▶ _BRIEF_:
All of the data that follows is to be written out exactly, with images excluded.

▶ _TASK INPUTS_:
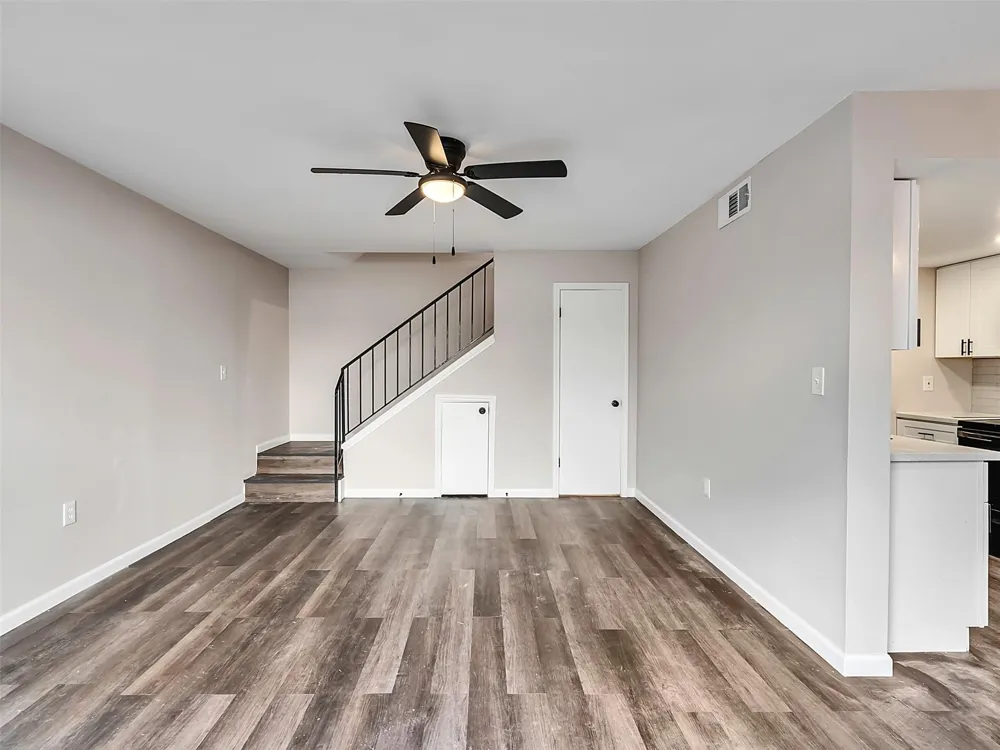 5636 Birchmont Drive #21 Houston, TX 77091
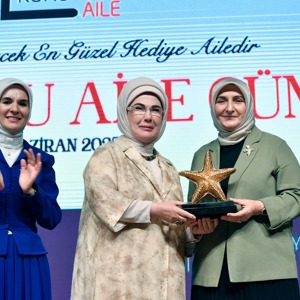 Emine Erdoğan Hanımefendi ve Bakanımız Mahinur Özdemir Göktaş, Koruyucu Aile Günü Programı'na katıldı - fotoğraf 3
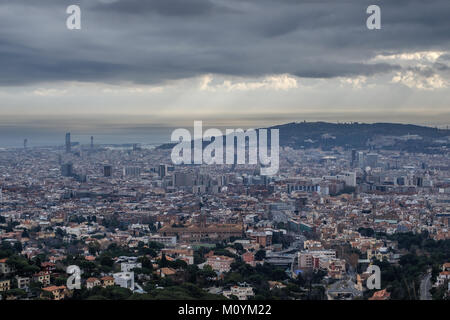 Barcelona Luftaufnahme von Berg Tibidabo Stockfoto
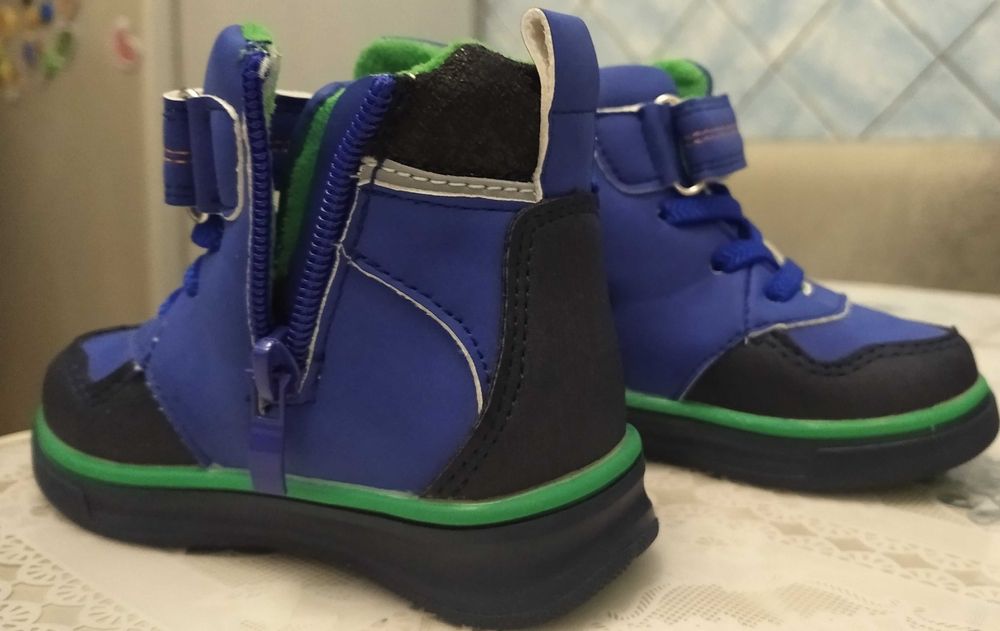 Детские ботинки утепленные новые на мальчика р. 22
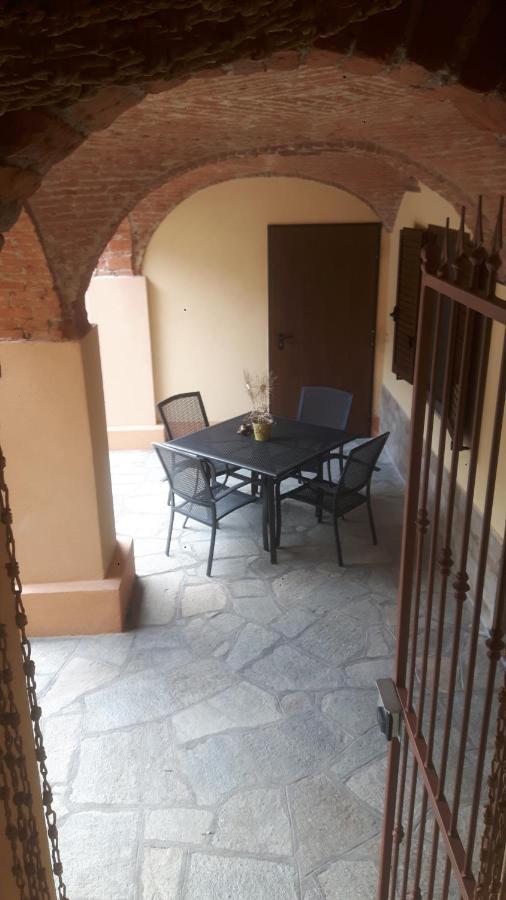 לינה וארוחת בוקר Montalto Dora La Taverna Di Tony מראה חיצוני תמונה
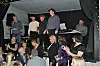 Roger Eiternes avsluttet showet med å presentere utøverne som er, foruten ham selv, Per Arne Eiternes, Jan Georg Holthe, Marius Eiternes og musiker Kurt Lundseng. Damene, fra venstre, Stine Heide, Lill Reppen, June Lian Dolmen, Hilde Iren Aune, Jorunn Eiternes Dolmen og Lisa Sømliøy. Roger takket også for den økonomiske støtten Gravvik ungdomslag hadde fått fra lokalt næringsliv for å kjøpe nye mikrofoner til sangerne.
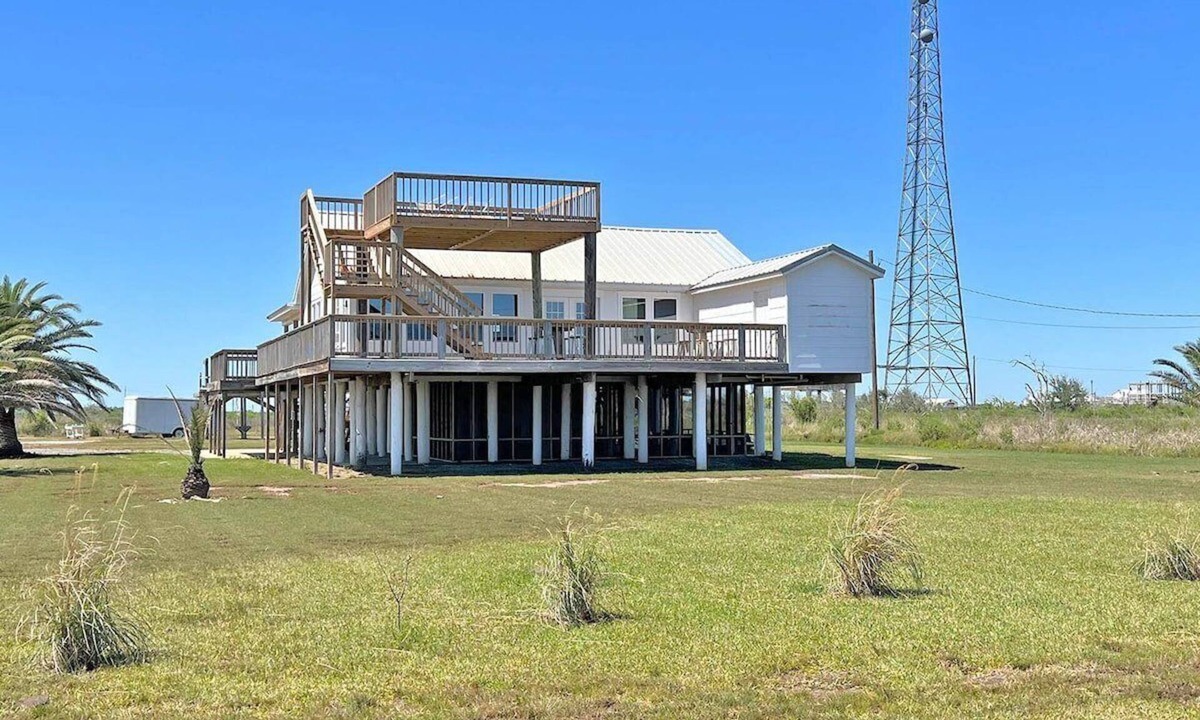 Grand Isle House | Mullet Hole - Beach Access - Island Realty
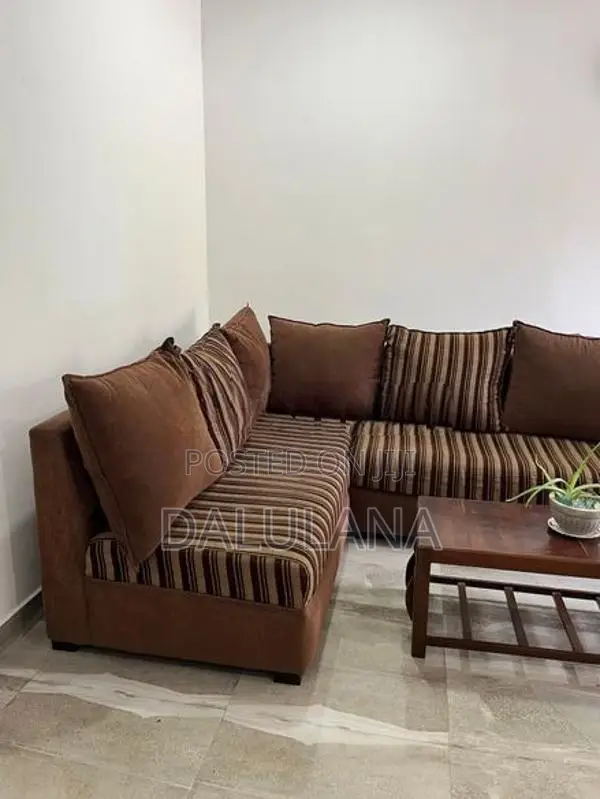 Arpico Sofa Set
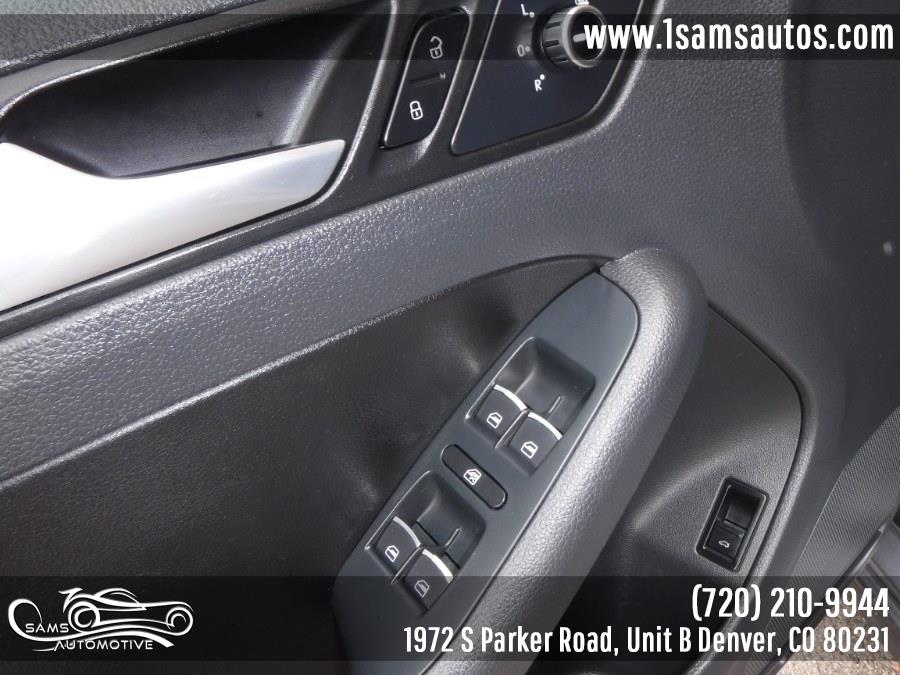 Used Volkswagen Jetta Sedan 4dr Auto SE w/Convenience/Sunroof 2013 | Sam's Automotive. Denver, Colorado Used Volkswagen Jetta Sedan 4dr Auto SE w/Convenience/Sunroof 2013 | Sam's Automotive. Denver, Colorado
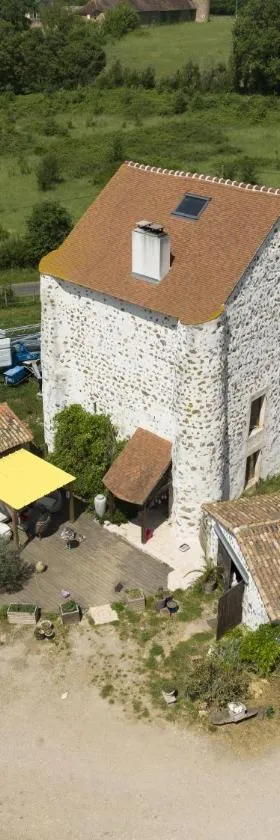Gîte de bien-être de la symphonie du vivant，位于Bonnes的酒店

▶ _TASK SOLUTION_:
 5636 Birchmont Drive #21 Houston, TX 77091
 Emine Erdoğan Hanımefendi ve Bakanımız Mahinur Özdemir Göktaş, Koruyucu Aile Günü Programı'na katıldı - fotoğraf 3
 Barcelona Luftaufnahme von Berg Tibidabo Stockfoto
 Детские ботинки утепленные новые на мальчика р. 22
 לינה וארוחת בוקר Montalto Dora La Taverna Di Tony מראה חיצוני תמונה
 Roger Eiternes avsluttet showet med å presentere utøverne som er, foruten ham selv, Per Arne Eiternes, Jan Georg Holthe, Marius Eiternes og musiker Kurt Lundseng. Damene, fra venstre, Stine Heide, Lill Reppen, June Lian Dolmen, Hilde Iren Aune, Jorunn Eiternes Dolmen og Lisa Sømliøy. Roger takket også for den økonomiske støtten Gravvik ungdomslag hadde fått fra lokalt næringsliv for å kjøpe nye mikrofoner til sangerne.
 Grand Isle House | Mullet Hole - Beach Access - Island Realty
 Arpico Sofa Set
 Used Volkswagen Jetta Sedan 4dr Auto SE w/Convenience/Sunroof 2013 | Sam's Automotive. Denver, Colorado Used Volkswagen Jetta Sedan 4dr Auto SE w/Convenience/Sunroof 2013 | Sam's Automotive. Denver, Colorado
Gîte de bien-être de la symphonie du vivant，位于Bonnes的酒店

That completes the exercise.